The bunny sighed a little, watching the paw as he ducked from it's strike time and time again. "Indeed, you are feline magic.....I must admit.....but to embrace the world of a cunning and clever nature....to cling so desperately to the futile resistance that I call my fight, I will keep going!," Karma said, getting up quickly.

He looked back at the paw that kept swiping at him, watching the paw as he closed his eyes. After a while, he kept dodging, then, if the timing allowed it, he could grab it, if the moment was kind....

After a few seconds, he snatched at the paw, hoping that his timing had been accurate, and he could grab at the paw. Though, he did take note of the bleeding, and the cat's bleeding as well.

He knew where to strike, and how to strike. All he needed to do was close the distance..


----------



## Mambi (Jan 3, 2021)

_<The cat yelped with surprise as the bunny suddenly snatches his paw. He squirms and tries to pull it back through the smaller rift with no success>_

*HEY!!! LEGGO of that!!!* <_he growls slightly as he realizes the awkward position he is in...as he sees his body is now trapped against a portal several feet away from you as his arm disappears through the hole, his other paw holding his leg as he tries to keep his tenuous balance. He knows that due to the safety spell of the magick that gives him his abilities, the portals will never close as long as anything is in transit so no danger of losing an arm, but he is now currently unable to move or portal at all as long as you have his other paw held firm, and the rift was too small to reach or pass through, as it was only meant for his fist and claws originally, and it cannot be resized without closing and reforming, which is now impossible!>

<Smiling slightly, you look at the trapped paw of the cat coming from the small hole beside you, see the grunting helpless cat straining several feet away as he stands like a squirming statue with his arm disappeared into a hole in the air, and plot how to take advantage of this new development...>_


----------



## Monosuki the Aurian (Jan 3, 2021)

The bunny calmed himself down, the adrenaline pumping once more as he looked at the cat's arm, having the clear opportunity to do something.
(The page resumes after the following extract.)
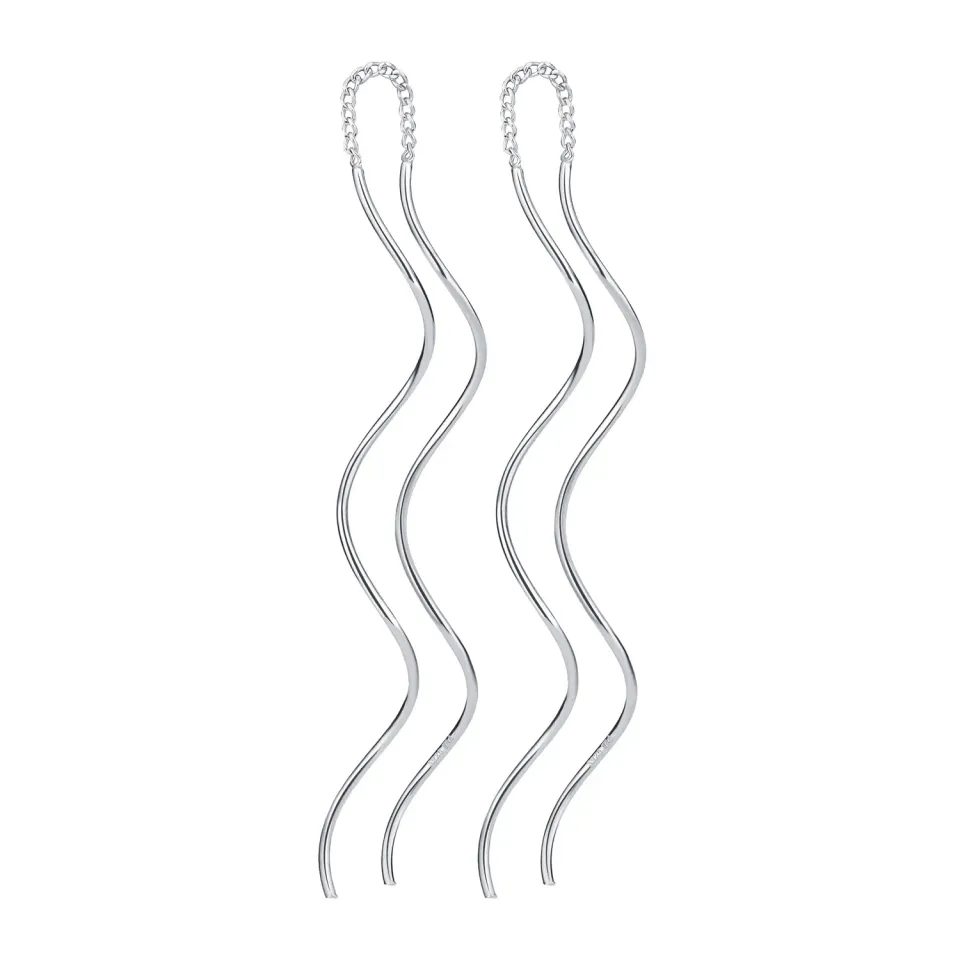 Wioga Florine E-8412 øredobber sølv spiral 7 cm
Carefully, he thinks out his next move. The fish is stuck in the net now, but he's gotta figure out how he can attack. A direct assault on the arm may cause a lack of portals, but that remains to be seen.

Maybe he could try to yank the cat over through the portal fully, and force him into a submission hold? Perhaps. Karma quickly set this plan into motion, attempting to pull the rest of the feline through the portal.
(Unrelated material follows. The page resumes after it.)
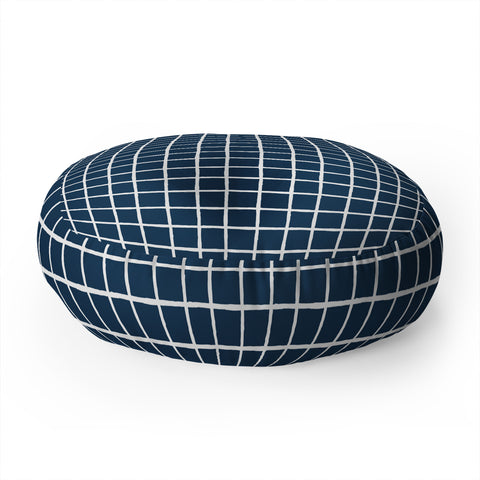 Avenie Grid Pattern Navy Floor Pillow Round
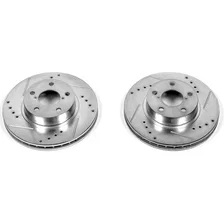Front DRILLEDSLOTTED ROTOR PAIR for Subaru image 2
"Alright, how about you come over here? Gonna settle that score up close and personal!," Karma said, grunting as he kept pulling.


----------



## Mambi (Jan 3, 2021)

_<the cat squeals in pain as you pull his arm hard and the portal bumps against his shoulder. He uses his other paw to push against the edge of the rift to try and pull it back as you yank his arm harder straight...the socket of his shoulder straining more and more. The edges of the rift...a fixed hole in space only a foot thick or less, remains as immobile in the air as a steel wall against the straining cat as he screams more> _

AAUUGGHHH!!!!! GIVE...MY....ARMMMMM!!! *RRRAAAUURRRR*!!!!!!!   _<the cat throws his head back and howls in agony as you pull hard, his arm starting to shake a bit in your paws as you see his fingers twitching slightly helpless to do anything about your grip. Near the other rift his body remains fully pulled up against the hole and unable to move into it any further. You can feel the shoulder starting to shudder as the pressure builds...>_


----------



## Monosuki the Aurian (Jan 3, 2021)

The bunny watched in shock, actually surprised that the portal doesn't actually open up further with this. Satisfied with this experiment, he released the cat's arm, having felt the pressure building with that yank.

He had broken far too many arms to know when one was about to reach it's breaking point.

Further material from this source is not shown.